‘Our approach’ to meditation practice

May 3, 2022

Brad Parks was one of the co-editors of the newsletter Creative Dharma. Brad gave this dharma prompt to the U.S. West Coast Piti Sangha online community in April 2022. The Piti Sangha is a collaboration of two reflective meditation communities, Sati Sangha and Pine Street Sangha.

Maybe you’ve noticed, as I occasionally do, that one of the meditation teachers or one of the members of our online sangha may mention something called ‘our approach’. This short phrase points toward what we’re doing together, each in our own way – i.e., something that has some commonality, some mutual resonance. It’s a bit mysterious.

What does it mean to have an ‘approach’, to be ‘approaching’ something in a particular way? What are the basic elements of that process?

The way we practice meditation during our time together is one ‘approach’ to meditation, even if each of us interprets and acts on that in an individual fashion. The individuality of our approach is one of its defining characteristics. We each orient ourselves in a particular way toward the half hour or so that we sit silently, together, our Zoom cameras and microphones turned off. In some fashion, we go inside. We make choices as we navigate that inner world.

We are explicitly encouraged to practice in the way that seems most appropriate at that point in time, to be receptive to what arises in experience and to approach the process in a way that is gentle and kind toward ourselves, that offers us permission to find our own way. We approach practice with a down-to-earth, pragmatic spirit. And we recognise that our life will enter our meditation and that our meditation will, at least sometimes, enter our lives.

Our approach values the process of listening.
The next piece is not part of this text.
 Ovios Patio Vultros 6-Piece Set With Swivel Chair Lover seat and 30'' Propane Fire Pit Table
It’s almost as if we draw near to someone who is telling a particularly interesting story in a low whisper. We want to know how the story goes, so we sit quietly and listen. What we hear may evoke a range of feelings and thoughts and we allow a space for those to develop. We draw near with a certain amount of interest, some courage and even a bit of caution if necessary.

This sense that I am ‘drawing near’ to my interior world implies, oddly enough, that even my own thoughts and feelings can appear as something ‘over there’, as something not entirely my own, as something I can see or hear or touch. Sitting in meditation often involves a series of encounters in which I find myself approaching – or being approached by – my memories, my preoccupations, my fantasies, my plans. In other words, I discover that I am in relationship to the contents and the processes of my personal experience. I realize I am in the mix, that I am almost constantly responding to what arises in my awareness. Approaching my inner world, I orient myself. Questions often arise in this process, such as:

  • What is the best approach to take?
  • Should I focus on something in particular?
  • Should I redirect my attention to another part of my experience?
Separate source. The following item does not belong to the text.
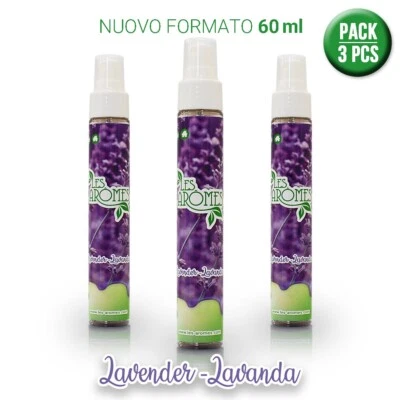 LES AROMES Deodorante profumo auto e ambiente Spray 60 ml Lavanda - Pack 3 pz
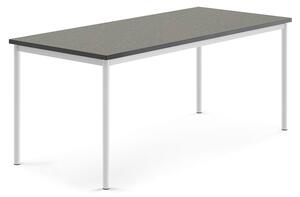 AJ Produkty Stůl SONITUS, 1800x800x720 mm, bílé nohy, deska s linoleem, tmavě šedá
Whatever has captured my attention – and it could be anything, either in my interior world or in the world around me, or both – often carries with it some uncertainty or some unknown dimensions. Do we really know anyone or anything fully and completely? Each approach holds the possibility of surprise.

In ‘our approach’, in this daily online meditation group, what are we approaching?

Most obviously, perhaps, we want to encounter the dharma – which also offers itself as something open and dynamic. In order to do that, we sit quietly, we allow as much space as possible for our experience to develop in its own way, we reflect after the mediation period on what has just happened and we share with others, through our own report or through listening to what others say in language we choose for ourselves. The dharma finds a natural home in this way. The dharma takes shape and form in reflection and as we listen to others.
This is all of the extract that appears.